Ventures Platform, l’un des Tech hubs en pointe au Nigéria, s’est récemment associé au gouvernement de Lagos pour accompagner et accélérer les solutions digitales créées face au Covid. « Notre manière à nous de lutter contre la pandémie » ont confié à StartupBRICS Kola Aina et Mimshach Obioha, Fondateur et Directeur Exécutif de VP. L’objectif de cette collaboration ? Mettre en place rapidement des projets à impact positif contre le virus, pour les développer à grande échelle non seulement au Nigeria, mais plus largement au reste du continent. Développeurs informatiques, hackers, startuppers et créateurs ont été sollicités pour l’occasion.
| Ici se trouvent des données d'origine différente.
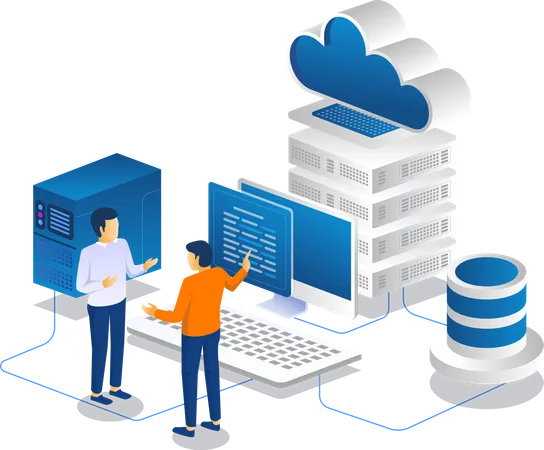 Cloud server data  Illustration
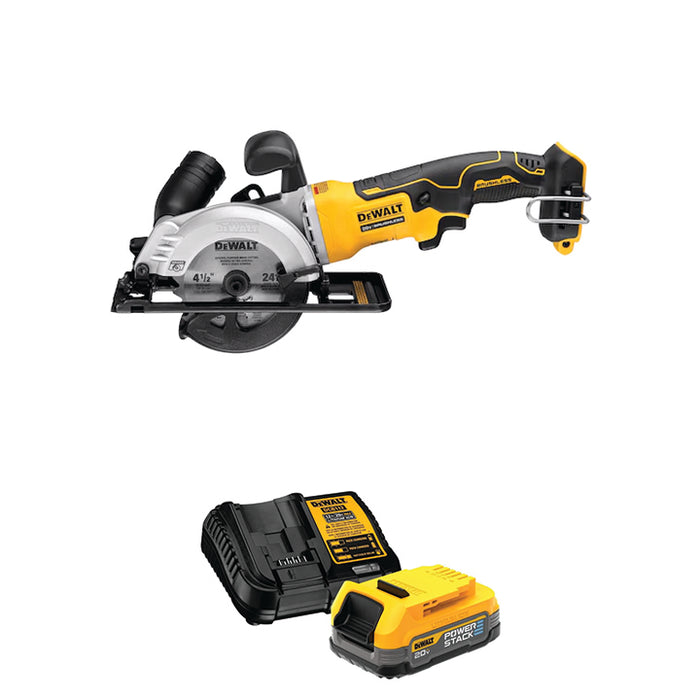 DEWALT 20V MAX* ATOMIC™ 4-1/2" Circular Saw & FREE 20V MAX* XR POWERSTACK™ Compact Battery Kit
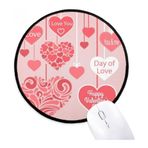 Dıythinker Mutlu Sevgililer Günü Love You Hearts Yuvarlak Kaymaz Mousepadler Siyah Titched Kenarları Oyun Ofis Hediyesi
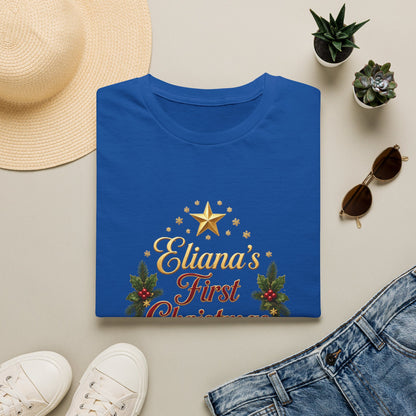 "First Christmas" T‑Shirt — Custom Name Baby Holiday Tee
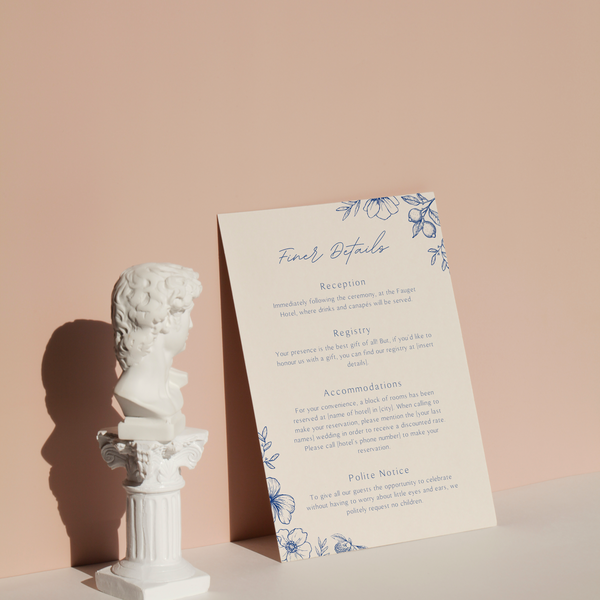 Personalised Santorini Wedding Invitation 5x7 inch wedding stationery with blue botanical sketch and elegant script typography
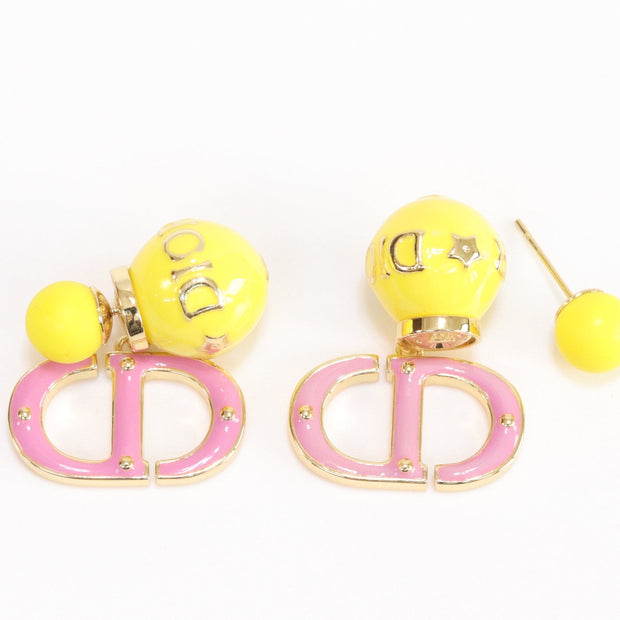 Pink and Yellow alphabet CD stud in gold finish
En plus de proposer un coaching personnalisé, le consortium public-privé va financer et accompagner 7 porteurs de projets, sélectionnés parmi plus de 400 candidatures ! |
Par Julie Lanckriet & Philippine Leclerc, StartupBRICS
StartupBRICS : Ventures Platform est connu pour être l’un des principaux incubateurs nigérians, pourquoi avoir choisi de vous mobiliser contre le Covid, et comment avez-vous abordé ce nouveau programme d’accélération ?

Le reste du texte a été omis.